Friday, January 4, 2013

He's 6


Dear Noe,




I am a little bit behind here because, wow have we been busy with birthdays and Christmas celebrations and New Years. Lots of good stuff! How fun it was to travel on your birthday! We made our Christmas trip to Iowa to spend time with my family - and it was most convenient to head out there on the 22nd of December; your sixth birthday. We asked if that would be a big 'ol bummer to you, but you grinned and said you thought it would be super fun. :) So, we did it. We got up early that day and had a lovely breakfast - per your request - of daddy's breakfast pizza. Then we loaded up and were on our way. We gave you one gift to open, and you chose to wait until we got into Indiana. I don't know why Indiana, but you were determined to wait. We sang "Happy Birthday" to you as we crossed each state line. Indiana, Illinois, and Iowa. Your grin and giggle each time was a treat. When we finally made it to our destination, Grandma Pat and Grandpa Leon's comfy warm home, Grandma Pat had a delicious cake waiting for you. I think this was one of your very favorite birthdays! 


You are one of a kind - no doubt about that. It doesn't take much time with you to know that you are unique and there are qualities within you that are special. Mysteriously older than 6. That's why I call you my "old soul". I'm not the only one who sees it. Your teachers know to. We've talked about it, and smiled over it. 

I love so much about you, little buddy. -And mixed in with all of that warm and fuzzy love is a puzzling frustration. I only say it because I am documenting our real life here. Your compassion and sensitive spirit are truly gifts from God! They are. I know it because he has gifted me similarly. We are alot alike, my little Noe man. And that likeness makes it hard sometimes. Because I have been there, I have played that game of "I feel left out". "
"My feelings are hurt." 
"They would rather play together than play with me!" 
Etc, etc, etc. 
Oh my heart. How I know that path. Your sensitivity reaches out to the meek and hurting, but while you are young, and before you can process it all with added maturity, it can make you INTO the hurting. Sometimes it appears that you look for ways to be hurt. And that's the wall I am coming up against with you. I know part of the intensity with which I am feeling frustrated by this has to do with the fact that I am experiencing a mini me. I know how damaging it can be. And yet, I also know the beauty that comes from using this God-given sensitivity for Him. All for Him.

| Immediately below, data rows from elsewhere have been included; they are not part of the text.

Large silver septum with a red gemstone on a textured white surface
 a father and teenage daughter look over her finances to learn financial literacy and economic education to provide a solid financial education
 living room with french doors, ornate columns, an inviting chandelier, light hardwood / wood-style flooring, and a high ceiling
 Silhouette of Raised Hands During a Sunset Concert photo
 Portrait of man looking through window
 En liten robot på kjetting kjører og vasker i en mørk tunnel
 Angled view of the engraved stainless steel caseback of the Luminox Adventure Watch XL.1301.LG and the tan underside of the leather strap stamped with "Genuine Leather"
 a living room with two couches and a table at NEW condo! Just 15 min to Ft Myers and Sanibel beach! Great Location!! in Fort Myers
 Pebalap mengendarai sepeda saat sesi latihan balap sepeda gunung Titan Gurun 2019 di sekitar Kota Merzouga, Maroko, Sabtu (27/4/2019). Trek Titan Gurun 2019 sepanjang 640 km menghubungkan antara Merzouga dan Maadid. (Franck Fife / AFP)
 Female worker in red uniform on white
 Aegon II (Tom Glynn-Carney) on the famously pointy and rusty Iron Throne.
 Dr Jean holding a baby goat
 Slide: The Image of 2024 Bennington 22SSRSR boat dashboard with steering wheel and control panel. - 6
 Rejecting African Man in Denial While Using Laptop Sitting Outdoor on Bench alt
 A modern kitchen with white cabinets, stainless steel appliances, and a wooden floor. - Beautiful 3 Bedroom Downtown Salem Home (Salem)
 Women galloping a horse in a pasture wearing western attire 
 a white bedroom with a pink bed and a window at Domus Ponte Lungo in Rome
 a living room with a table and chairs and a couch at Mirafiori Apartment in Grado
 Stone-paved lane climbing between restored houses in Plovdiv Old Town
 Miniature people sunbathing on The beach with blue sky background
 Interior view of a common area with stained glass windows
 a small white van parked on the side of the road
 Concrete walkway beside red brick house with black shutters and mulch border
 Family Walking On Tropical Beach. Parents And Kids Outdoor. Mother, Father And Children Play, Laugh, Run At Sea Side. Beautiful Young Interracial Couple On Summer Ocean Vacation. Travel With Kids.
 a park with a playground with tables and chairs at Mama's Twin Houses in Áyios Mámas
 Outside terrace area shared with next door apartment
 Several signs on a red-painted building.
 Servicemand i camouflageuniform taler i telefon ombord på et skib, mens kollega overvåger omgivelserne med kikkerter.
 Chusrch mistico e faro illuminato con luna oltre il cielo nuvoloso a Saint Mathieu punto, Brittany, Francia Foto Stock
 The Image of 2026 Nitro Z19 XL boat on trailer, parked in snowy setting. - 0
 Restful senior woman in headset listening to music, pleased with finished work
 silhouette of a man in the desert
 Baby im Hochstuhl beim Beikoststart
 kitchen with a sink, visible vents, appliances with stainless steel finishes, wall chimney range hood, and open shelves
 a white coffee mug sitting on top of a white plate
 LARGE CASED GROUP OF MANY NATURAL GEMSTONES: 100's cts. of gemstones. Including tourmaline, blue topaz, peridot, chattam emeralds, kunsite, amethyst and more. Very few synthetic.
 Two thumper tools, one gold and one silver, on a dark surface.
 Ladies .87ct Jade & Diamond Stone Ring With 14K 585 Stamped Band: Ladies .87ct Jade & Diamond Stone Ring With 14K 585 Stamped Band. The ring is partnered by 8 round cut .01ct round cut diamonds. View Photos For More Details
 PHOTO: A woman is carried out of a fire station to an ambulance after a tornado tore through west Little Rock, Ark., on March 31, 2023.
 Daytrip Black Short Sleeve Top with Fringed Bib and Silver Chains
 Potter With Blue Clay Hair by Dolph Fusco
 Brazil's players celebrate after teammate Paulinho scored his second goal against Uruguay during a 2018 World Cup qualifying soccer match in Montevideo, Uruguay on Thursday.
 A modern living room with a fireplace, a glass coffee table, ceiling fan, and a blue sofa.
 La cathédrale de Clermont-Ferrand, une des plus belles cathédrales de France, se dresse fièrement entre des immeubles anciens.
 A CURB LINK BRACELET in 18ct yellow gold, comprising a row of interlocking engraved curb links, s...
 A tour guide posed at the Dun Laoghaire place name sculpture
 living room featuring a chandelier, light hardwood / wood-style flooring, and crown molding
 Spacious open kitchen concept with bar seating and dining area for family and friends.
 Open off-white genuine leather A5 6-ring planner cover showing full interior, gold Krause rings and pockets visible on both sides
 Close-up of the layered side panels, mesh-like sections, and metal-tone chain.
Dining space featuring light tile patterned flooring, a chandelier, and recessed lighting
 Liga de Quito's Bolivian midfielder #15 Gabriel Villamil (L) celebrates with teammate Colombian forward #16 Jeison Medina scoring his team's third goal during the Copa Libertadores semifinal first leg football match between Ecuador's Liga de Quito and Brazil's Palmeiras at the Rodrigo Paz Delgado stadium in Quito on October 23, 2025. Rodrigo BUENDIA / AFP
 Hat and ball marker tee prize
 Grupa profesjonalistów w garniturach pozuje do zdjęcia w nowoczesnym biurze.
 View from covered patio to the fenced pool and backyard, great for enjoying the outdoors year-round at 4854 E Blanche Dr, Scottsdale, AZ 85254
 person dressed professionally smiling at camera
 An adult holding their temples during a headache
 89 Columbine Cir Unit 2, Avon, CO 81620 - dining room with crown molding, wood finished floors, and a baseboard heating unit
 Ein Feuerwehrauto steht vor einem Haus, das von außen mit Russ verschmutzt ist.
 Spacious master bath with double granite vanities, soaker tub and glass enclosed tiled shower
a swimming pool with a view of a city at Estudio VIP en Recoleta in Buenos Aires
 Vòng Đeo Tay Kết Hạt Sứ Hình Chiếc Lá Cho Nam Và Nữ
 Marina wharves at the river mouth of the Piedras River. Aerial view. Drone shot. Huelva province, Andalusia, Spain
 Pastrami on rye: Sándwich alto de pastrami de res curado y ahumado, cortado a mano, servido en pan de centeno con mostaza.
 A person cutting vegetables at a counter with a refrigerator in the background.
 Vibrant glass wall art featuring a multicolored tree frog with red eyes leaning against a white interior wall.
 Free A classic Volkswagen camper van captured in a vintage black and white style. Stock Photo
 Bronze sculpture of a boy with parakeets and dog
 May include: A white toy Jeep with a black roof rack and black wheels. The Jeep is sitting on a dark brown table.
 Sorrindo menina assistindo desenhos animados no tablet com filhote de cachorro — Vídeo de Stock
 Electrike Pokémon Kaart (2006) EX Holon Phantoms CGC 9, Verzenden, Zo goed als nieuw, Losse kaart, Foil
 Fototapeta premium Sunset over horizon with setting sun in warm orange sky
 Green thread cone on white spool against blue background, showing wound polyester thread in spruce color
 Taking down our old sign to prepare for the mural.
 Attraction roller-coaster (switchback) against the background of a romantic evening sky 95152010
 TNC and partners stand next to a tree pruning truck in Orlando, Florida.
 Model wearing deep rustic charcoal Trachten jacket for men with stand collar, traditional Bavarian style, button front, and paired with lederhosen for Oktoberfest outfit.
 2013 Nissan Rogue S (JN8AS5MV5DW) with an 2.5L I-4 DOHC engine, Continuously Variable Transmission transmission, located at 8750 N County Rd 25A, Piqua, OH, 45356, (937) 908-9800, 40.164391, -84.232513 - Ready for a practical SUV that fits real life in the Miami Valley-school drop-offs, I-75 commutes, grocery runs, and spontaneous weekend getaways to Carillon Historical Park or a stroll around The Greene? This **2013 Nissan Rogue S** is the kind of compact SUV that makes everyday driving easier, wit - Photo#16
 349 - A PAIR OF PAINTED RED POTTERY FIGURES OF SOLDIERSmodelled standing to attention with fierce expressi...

I pray that for you, you know. Every day. That you will nurture your soft heart and your bend towards Spirituality. I am nurturing it too. Together with your Creator, we will watch great things happen, okay? 

You were so young when you started seeking after things that were not of an earthly nature. Jesus. Your soul. You believed, so whole heatedly, in your risen Savior at age 3! Asked Him to come into your life. And since then you have chased after Him as much as any young one can. So sweet. So heartwarming. 

It was also at age three that you declared that you would be a missionary. We talk about it alot. You know that you are a missionary already. In your school, your kindergarten class, already doing what you know you were meant to do. Wow. 

I remember at the Christmas party we went to for Daddy's work this year, you had the opportunity to play in the basement with all kinds of fun toys - with the other kiddos. We were going to be upstairs while daddy presented that devotional that the had prepared. I watched you slip up the stairs and find a spot with all of us adults. I whispered that you were more than welcome to go play, thinking perhaps you didn't realize that. But you just looked up at me, pushed your glasses up on your nose and whispered back, "I know mom, but I just want to learn as much about Jesus as I can". 

Me too buddy. Me too. We can do this together; learn more about Jesus, and learn to manage this gift that is an ultra sensitivity. 

I love you, and I love your heart, and I look so forward to seeing you grow and develop into everything that you were meant to be!